Dalam Al-Quran, khidmat dilakukan dengan harta dan jiwa (bi amwalikum wa anfusikum). Banyak diantara kita yang rela mengorbankan nyawa tetapi tidak rela mengorbankan hartanya, berani mati tapi tidak berani miskin. Bahkan ada orang yang sering mengorbankan raga dan jiwanya demi harta. Oleh karena itu, berkhidmat dengan harta dalam Islam lebih didahulukan daripada berkhidmat dengan jiwa, contoh berkhidmat dengan harta adalah zakat dan sodaqoh.
Dalam Tafsir Ibnu Katsir disebutkan: jika orang mengeluarkan hartanya dijalan Allah, pada saat yang sama Allah mengeluarkan penyakit-penyakit batin orang tersebut seperti kedengkian, iri hati dan egoisme. Menurut psikoterapis ada banyak gangguan jiwa, seperti kegelisahan, keresahan, dan stress yang bermula dari perbuatan kita yang egois, menghendaki orang lain berperilaku seperti yang kita mau. Kita menjadi menderita bila sesuatu yang kita inginkan tidak terjadi. Kita terbiasa untuk menggerakkan telunjuk kita pada setiap orang dengan perintah-perintah tertentu. Kita sering menyuruh orang berkhidmat kepada kita, bukan berkhidmat kepada mereka. Kita terbiasa dikhidmati bukan berkhidmat. Demikian juga salah satu penyakit kita selama ini adalah keinginan untuk selalu dicintai, sepanjang waktu, kita hanya belajar kiat-kiat untuk dicintai, bukan belajar untuk mencintai, padahal hanya dengan mencintai kita akan dicintai. Ibnu Arabi pernah berdoa: Ya Allah, aku mohon agar aku bisa mencintai-Mu dan mencintai orang-orang yang mencintai-Mu. Dan  buatlah aku lelah dalam membagi-bagikan harta-Mu, bukan lelah karena mencari harta-Mu."
.
3.      Dengan membalas kejatahan dengan kebaikan
        Suatu hari, Dzunnun Al-Misri bersama beberapa santrinya dizhalimi oleh sekolompok preman, karena para santri percaya bahwa doa Dzunnun pasti diijabah, mereka meminta Dzunnun untuk berdoa supaya para preman itu diadzab Tuhan, Dzunnun lalu mengangkat tangannya dan berdoa: Ya Allah, Berikanlah orang-orang itu ampunan dan keselamatan di dunia dan  akhirat. Para santri heran, mereka menzholimi kita, mengapa engkau malah membalas dengan doa yang baik?  Dzunnun menjawab, Itulah bedanya kita dengan mereka. Mereka kirimkan kepada kita keburukan dan kita kirimkan kepada mereka kebaikan.Dengan begitu kita dan mereka puas tanpa merugikan siapa pun. Bandingkan dengan kita, Kita terbiasa menaruh dendam kepada orang-orang yang menyakiti kita. Seringkali ketika ada orang memperlakukan kita dengan jelek, kita berharap bahwa kita bisa membalas kejelekan itu dengan kejelekan pula, dengan berkata, Supaya ini jadi pelajaran bagi mereka.
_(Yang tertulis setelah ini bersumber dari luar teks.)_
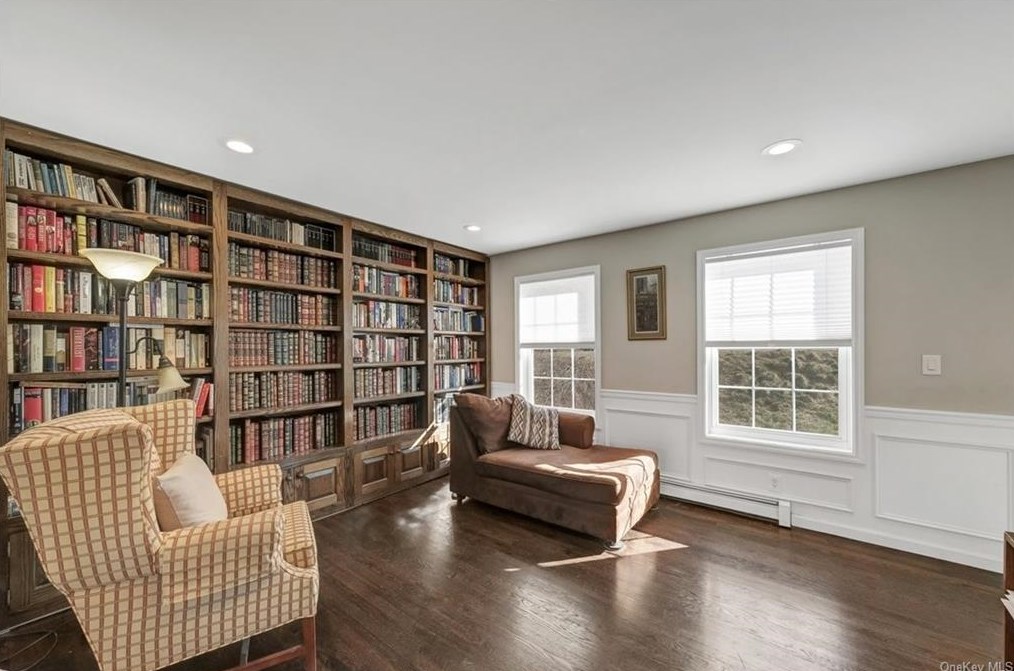 80 Tamarack Hill Dr, Poughkeepsie NY  12603-1112 exterior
         Dzunnun melanjutkan tradisi para rasul Tuhan yang mengajarkan kepada kita untuk membalas kejelekan yang dilakukan orang lain dengan kebaikan. Bayangkanlah ketika Anda berdoa supaya saingan anda hancur, agar musuh anda binasa, anda akan memperoleh satu manfaat saja: Kepuasan hati karena hancurnya saingan Anda. Tapi ketika Anda berdoa: Ya Allah, ubahlah kebencian musuh-musuhku menjadi kasih sayang, Anda akan mendatangkan manfaat kepada semua orang. Dzunnun Al-Mishri mengajari kita tradisi para Nabi dan orang-orang saleh; membalas kejelekan dengan kebaikan. Jadilah kita seperti pohon Mangga di tepi jalan, yang dilempari orang dengan batu tetapi ia mengirimkan kepada si pelempar itu, buah yang telah ranum. Ahsin kama ahsanallohu ilaik, berbuatlah baik sebagaimana Allah telah berbuat baik kepadamu.